Na pequenina província das Alagoas, já então desligada da histórica e valente capitania pelo decreto especioso de D. João VI, a onda subterrânea de um movimento perigosamente nacionalista toma vulto, cria raízes nos espíritos reacionários por natureza.
É a abdicação de D. Pedro I e, por conseguinte, a desobediência às cortes de Lisboa que faz esse tumulto. Mas o governador Melo Povoas, como português que é, não pensa assim. Faz as câmaras e o funcionalismo reiterarem a sua submissão a Portugal.
A corrente revolucionária, então, distende os seus elos poderosos.
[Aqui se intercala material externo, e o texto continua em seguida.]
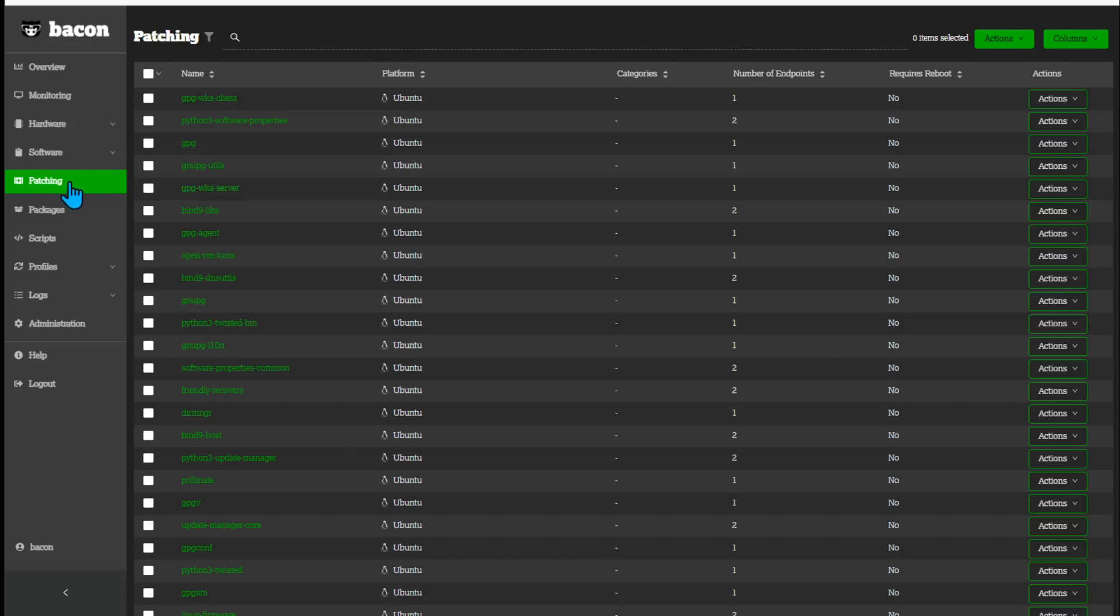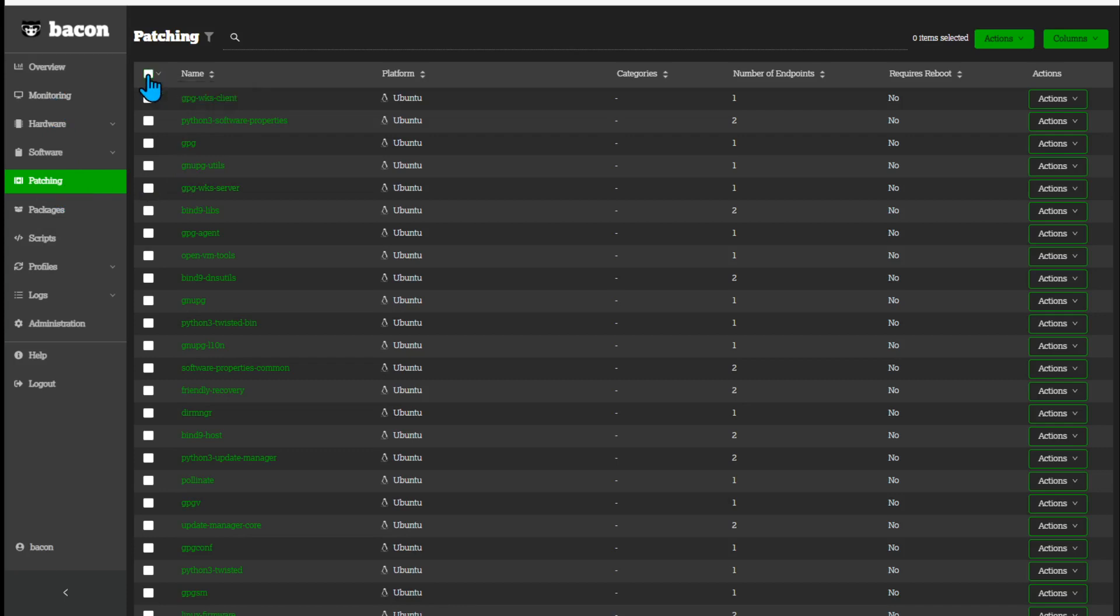Starting on the patching page, you can see over on the left menu, first thing we'll do is select all patches. That is the little triangle right here, select all data.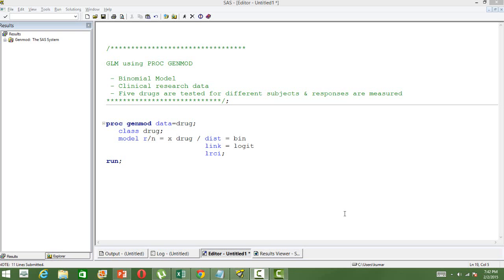In this video I am going to discuss how to build a generalized linear model using PROC GENMOD in SAS. We will take an example where we will be using a binomial model. This is a model that is usually used in clinical research data, so I am going to take a clinical research dataset for illustrating this. One can use any kind of data.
O sentimento popular incendeia-se, exalta-se em pruridos quase desvairados. Alagoas é a primeira província que se rebela contra a metrópole. Quer um governo puramente brasileiro e que sejam demitidos sumariamente todos os funcionários portugueses, civis e militares, e embarcados para Portugal.
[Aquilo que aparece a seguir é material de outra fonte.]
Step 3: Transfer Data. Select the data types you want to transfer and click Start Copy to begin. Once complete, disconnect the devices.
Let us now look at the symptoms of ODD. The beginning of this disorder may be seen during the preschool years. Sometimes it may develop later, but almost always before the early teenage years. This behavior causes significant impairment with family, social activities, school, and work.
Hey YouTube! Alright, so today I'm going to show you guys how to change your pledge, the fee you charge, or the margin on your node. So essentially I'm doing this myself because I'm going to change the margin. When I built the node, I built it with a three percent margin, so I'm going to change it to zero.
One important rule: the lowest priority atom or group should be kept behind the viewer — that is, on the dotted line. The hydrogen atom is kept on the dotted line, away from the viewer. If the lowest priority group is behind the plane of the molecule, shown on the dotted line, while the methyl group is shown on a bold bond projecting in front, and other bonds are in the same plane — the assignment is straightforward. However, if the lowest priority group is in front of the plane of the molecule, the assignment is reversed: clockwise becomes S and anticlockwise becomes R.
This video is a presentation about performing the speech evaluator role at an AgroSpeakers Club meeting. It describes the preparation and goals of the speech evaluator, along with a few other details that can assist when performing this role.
A junta é radicalista: manda ainda um emissário ao Rio para atestar a D. Pedro os sentimentos de fidelidade da terra das Alagoas, reconhecendo-o como único representante do poder executivo da Nação Brasileira. Entretanto, a vassalagem portuguesa, recebendo ordens secretas de Portugal, procura minar a nossa soberania.
São Miguel dos Campos, a humilde e valorosa vila das Alagoas, revolta-se contra o procedimento dos militares lusos.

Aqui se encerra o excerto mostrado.